The Protein FID is a measure of similarity between sets of protein structures. Formally, it is the Wassertstein-2 distance between Gaussian approximations of two distributions embedded in a latent space. See our preprint for details (https://arxiv.org/abs/2505.08041).
The main application of the FID is to evaluate structures sampled from a generative model. In this case, the generated structures are compared against a reference distribution.

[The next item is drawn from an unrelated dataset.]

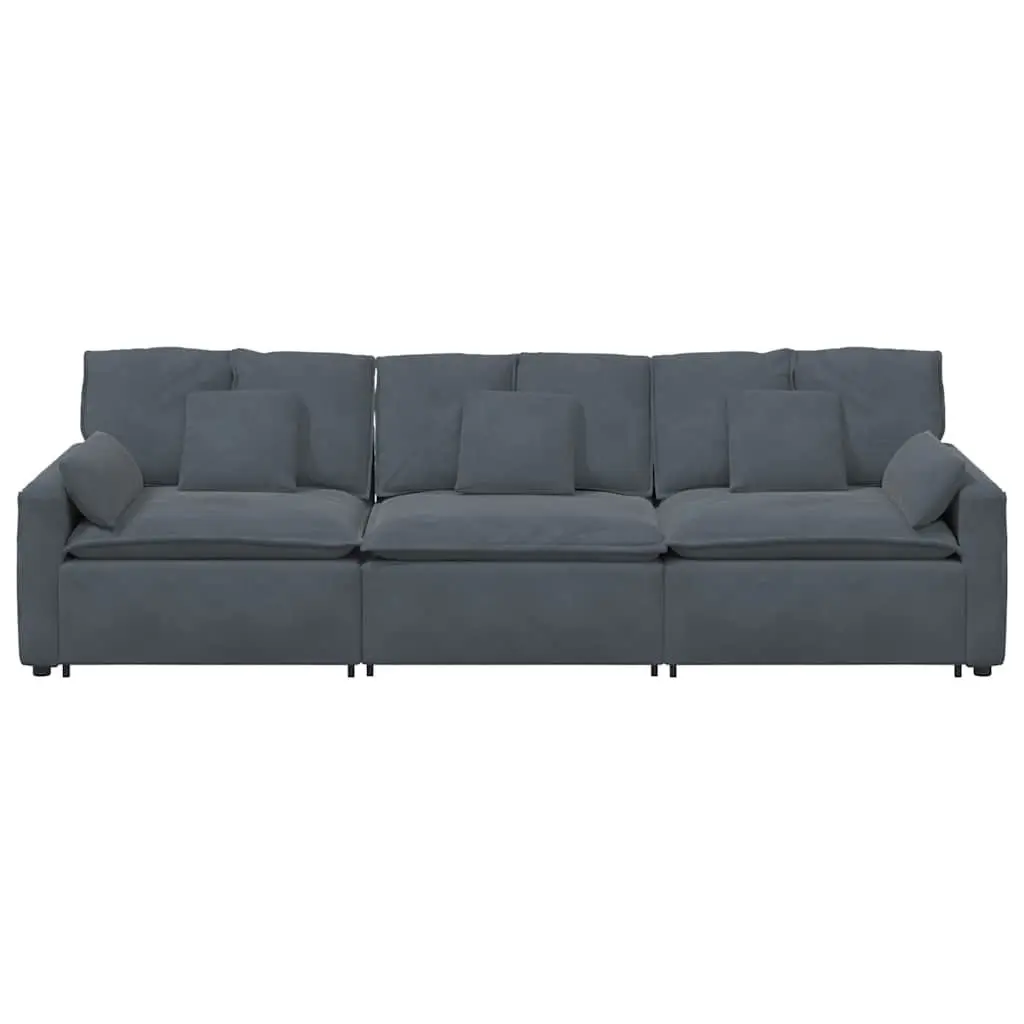 Modular Sofa Sectional Unit Three Sections Grey Velvet Cushions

The package was tested with python 3.10 and can be installed from source using pip. Optionally, you can first create a virtual environment, for example with conda,
conda create --name protfid python=3.10
conda activate protfid
Then clone the repository,
git clone git@github.com:ffaltings/protfid.git
navigate to the directory,
cd protfid
and pip install it,
pip install .
Or to install in editable mode, run
pip install -e .
You also need to have access to the ESM3 weights, which we use for computing embeddings. You can request access here: https://huggingface.co/EvolutionaryScale/esm3-sm-open-v1
Once you have access, you need to log in to your huggingface account:
huggingface-cli login
You should only need to login once.
We provide a command line script protfid for computing the fid.
A simple example is:
protfid --pdb_dir examples/esm_test
You can swap out examples/esm_test for any directroy containing .pdb files.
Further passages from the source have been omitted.